Among these recommendations, we adopted the following four: (1) to consider L2s other than English; (2) to include learners at different levels of proficiency, from different age groups and with varied L1s; (3) to collect metadata systematically and document them accurately; and (4) to make the learner corpus freely available. Further, another criterion was followed in designing the CELI corpus: to balance subcorpora in terms of tokens and make them comparable.
The above adopted criteria make the CELI corpus a reliable tool in the investigation of L2 Italian. First, it is representative of an L2 different from English (i.e. Italian), which is still an under-represented L2 in the LCR context. Second, it includes learners from different ages and from different levels of proficiency providing varied objective measures of proficiency.
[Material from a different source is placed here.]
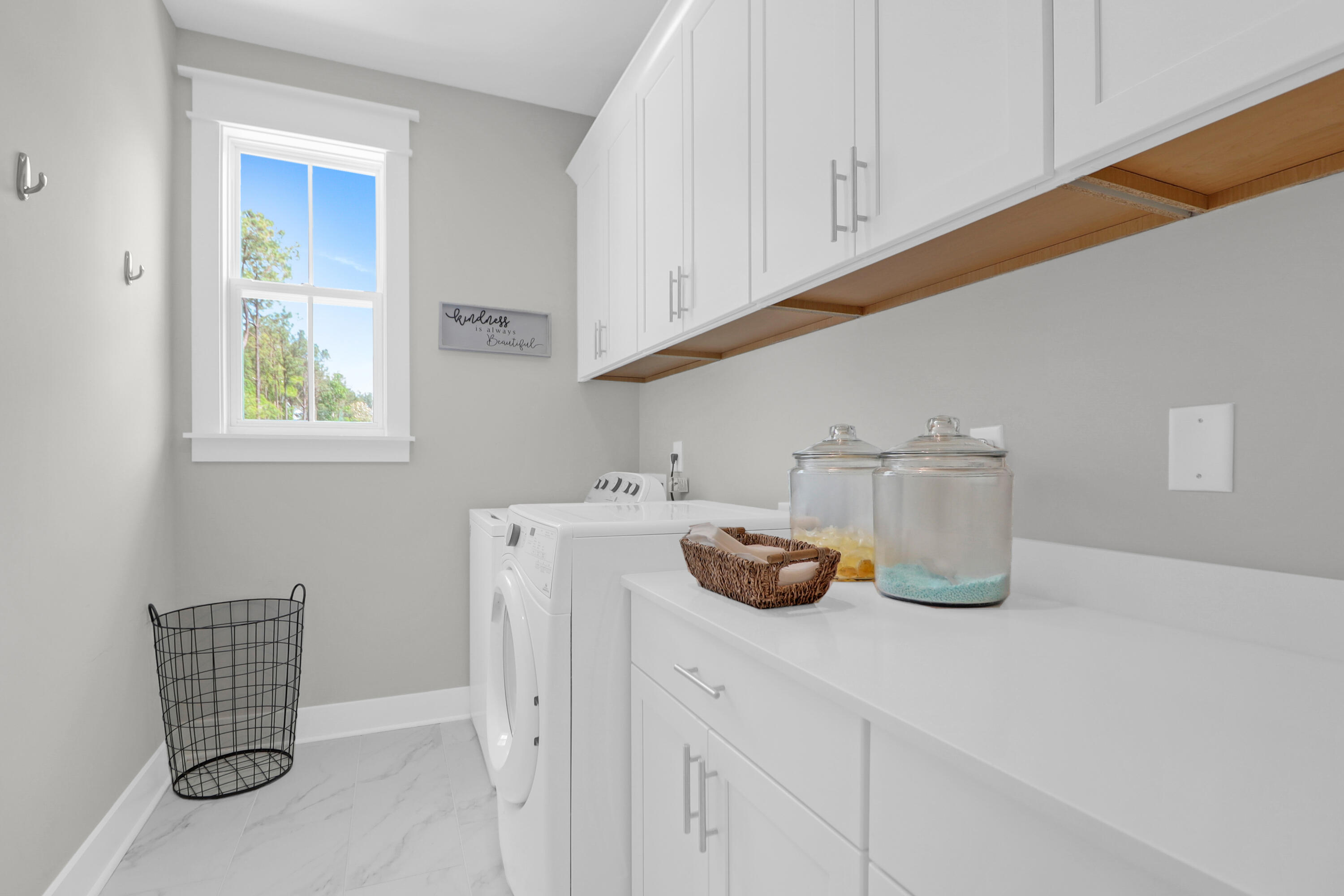 Mount Pleasant, South Carolina 29466, United States, 5 Bedrooms Bedrooms, ,5 BathroomsBathrooms,Residential,Contingent,126183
Third, metadata were systematically collected and are fully documented (as will be shown in Sections III.2 and III.3, the CELI corpus presents different variables for both texts and learners). Fourth, its subcorpora are designed according to the same criteria and balanced in terms of tokens in order to make them comparable. Finally, the CELI corpus is a freely available and searchable corpus. Searchability is another crucial factor to consider in designing a learner corpus allowing different kinds of queries. To this end, the CELI corpus is searchable from a CQPweb interface (Hardie, 2012), on the basis of a range of metadata including CEFR level, learners’ sex, learners’ age, learners’ nationality, exam centre location, task assignment ID, text genre and text type.
2 Text variables
Written texts produced by Italian L2 learners were collected from the written examinations for the language certificates of Italian as a foreign language (CELI – Certificati di Lingua Italiana) developed by the Center for Language Evaluation and Certification (CVCL – Centro per la Valutazione e le Certificazioni Linguistiche) at the University for Foreigners of Perugia (Italy). For the purpose of the present project, the written texts were collected from CELI 2, CELI 3, CELI 4 and CELI 5, which certify Italian language knowledge with respect to proficiency levels B1, B2, C1, and C2 respectively. The CELI exams consist of an oral part and a written part.
The written part is articulated in different components: (1) reading comprehension; (2) written production; (3) language competence; and (4) listening comprehension (Grego Bolli, 2004). The written production includes a series of production tasks. The texts contained in the CELI corpus were collected from one specific production task, for each CELI exam (Spina et al., 2022). Details of the production tasks for each CELI exam are shown in Table 2.
Production tasks’ typology for each CELI exam.
Several metadata are recorded for each text:
the identification number of the text;
the identification number of the exam centre where the candidates took the exam;
the task assignment to which the text is associated;
the CEFR level for which the candidate took and passed the certification exam (B1; B2; C1; C2);
the total score assigned to the whole exam;
the score band of the score on the whole exam (A; B; C);
the total score assigned to the written part of the exam;
the total score assigned to the production task;
scores related to four assessment criteria (vocabulary control; grammar accuracy; sociolinguistic appropriateness; and coherence and cohesion).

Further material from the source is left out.